Желание что-то сломать было настолько сильным, что Матвей заставил себя откинуться в кресле, закрыть глаза и несколько минут правильно дышать, представляя, что с каждым вздохом через ноздри выходит ржавого цвета дымок раздражения. Когда Шереметьеву надоело воображать себя дремлющим дракончиком, он открыл глаза и потянулся к телефону. Раздражение сменило острое желание позвонить Варе. Однако сделать это помешал Сиреневый Жакет. Он остановился на пороге кабинета Матвея и некоторое время с молчаливым упреком смотрел на него.

– Я успею, – сказал Шереметьев-младший, положив трубку на место. – Так получается, что я немного… отвлекся. Но не волнуйтесь, Иннокентий Абрамович, мы успеем.

– Уже середина декабря, – вздохнул Сиреневый Жакет. – Счет идет на дни. Тридцатого твой обзор уже никому не будет нужен.

– Успею, – упрямо повторил Шереметьев. – Яне подводил. Сосредоточусь и успею.

– Ну, хорошо… Я тут просмотрел почту, которую тебе собрали. Одно письмо обращено непосредственно Матвею Ивановичу Шереметьеву.

– Где оно?

– Да прямо наверху.

Не добавив больше ничего, Сиреневый Жакет вышел. Матвей взял в руки верхнее письмо, прочитал первые его строки. Затем удивленно поднял брови и перевернул, чтобы взглянуть на конверт.

В следующие секунды произошло сразу несколько событий. Раздался телефонный звонок. Все еще держа в руках письмо, Матвей потянулся к аппарату и снял трубку. Но он даже не успел сказать «Алло», как в тот же момент звякнуло стекло и что-то с силой ударило по стопке бумаг. Матвей буквально слетел с кресла, прижавшись к дальней стене своего кабинетика – и почти тут же стекло зазвенело еще раз, а невидимый кулак с силой врезал по креслу. В сиденье появилась дыра размером с ладонь ребенка, пуля пробила его и ушла в пол, застряв, как и первая, где-то в перекрытии между этажами. Оконное стекло протяжно застонало и, наконец, посыпалось вниз, прямо на улицу. Хотя новых выстрелов не было, Матвей, прижимаясь спиной к стене, подтянув к себе колени, ощущал себя беззащитным и ожидал следующей пули. Он почему-то был уверен, что она попадет ему в живот.

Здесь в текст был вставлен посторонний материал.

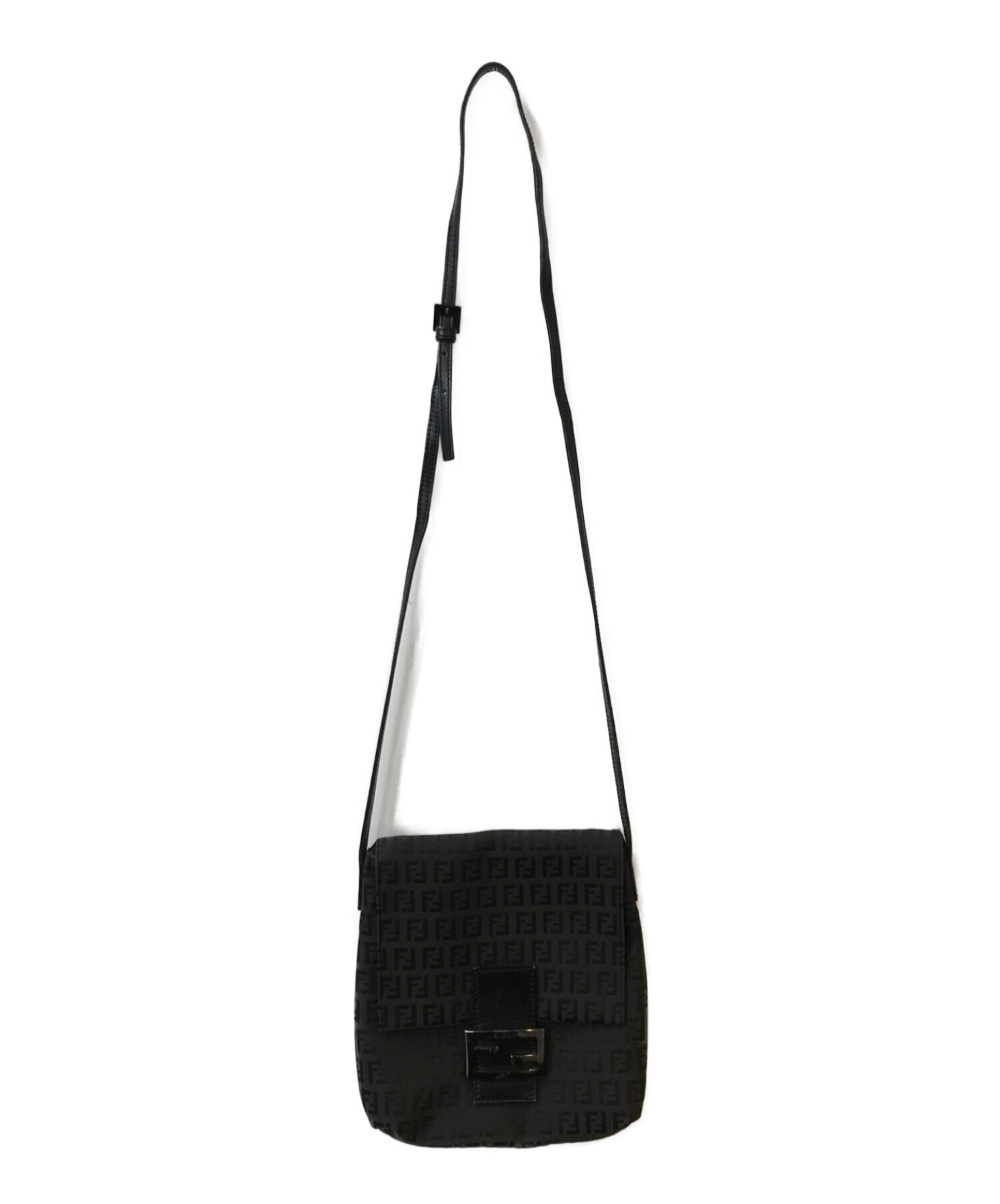 中古・古着通販】FENDI (フェンディ) ズッキーノ カムセポシェット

Распахнулась дверь, появился встревоженный Сиреневый Жакет, и Матвей заорал:

– Стой! Там снайпер! Назад!

Главный редактор отшатнулся назад. Через мгновение Шереметьев услышал его голос:

– Стреляют! Все на пол! Звоните в охрану, в милицию!

Матвей по-прежнему не слышал новых выстрелов. Из разбитого окна тянуло морозным воздухом, комнату наполнили звуки с улицы. Наконец Шереметьев понял, почему его не добивают. Снайпер стрелял не из окна соседнего дома, а с крыши. Узкий проулок, разница в высоте крыши и окна его кабинета не позволяли снайперу видеть тыльную стену комнатки. Матвей находился в мертвой зоне. Долго ему здесь сидеть? Охрана, сидевшая на первом этаже их здания, не полезет под пули. Но в квартале отсюда находилось отделение милиции. Там наверняка есть дежурный наряд.

На месте снайпера Матвей поспешил бы уйти. Если по Матвею стрелял профессионал, то на крыше соседнего дома уже никого нет. А если это не профессионал? Ведь он так и не попал ни разу.

Шереметьев увидел, что перед его носом болтается телефонная трубка. Там кто-то безостановочно говорил: «Алло! Матвей Иванович! Алло! Матвей Иванович!»

Подхватив трубку, Шереметьев поднес ее к уху и сдавленно произнес:

– Да. Слушаю.

– Матвей Иванович? Живы? Что у вас там приключилось? Перестрелка?

Это был голос одного из Компетентных людей.

– Да, Владимир Николаевич, перестрелка, – все так же сдавленно ответил Матвей.

– Сидите тихо! Я беру пожарную команду и мчусь к вам!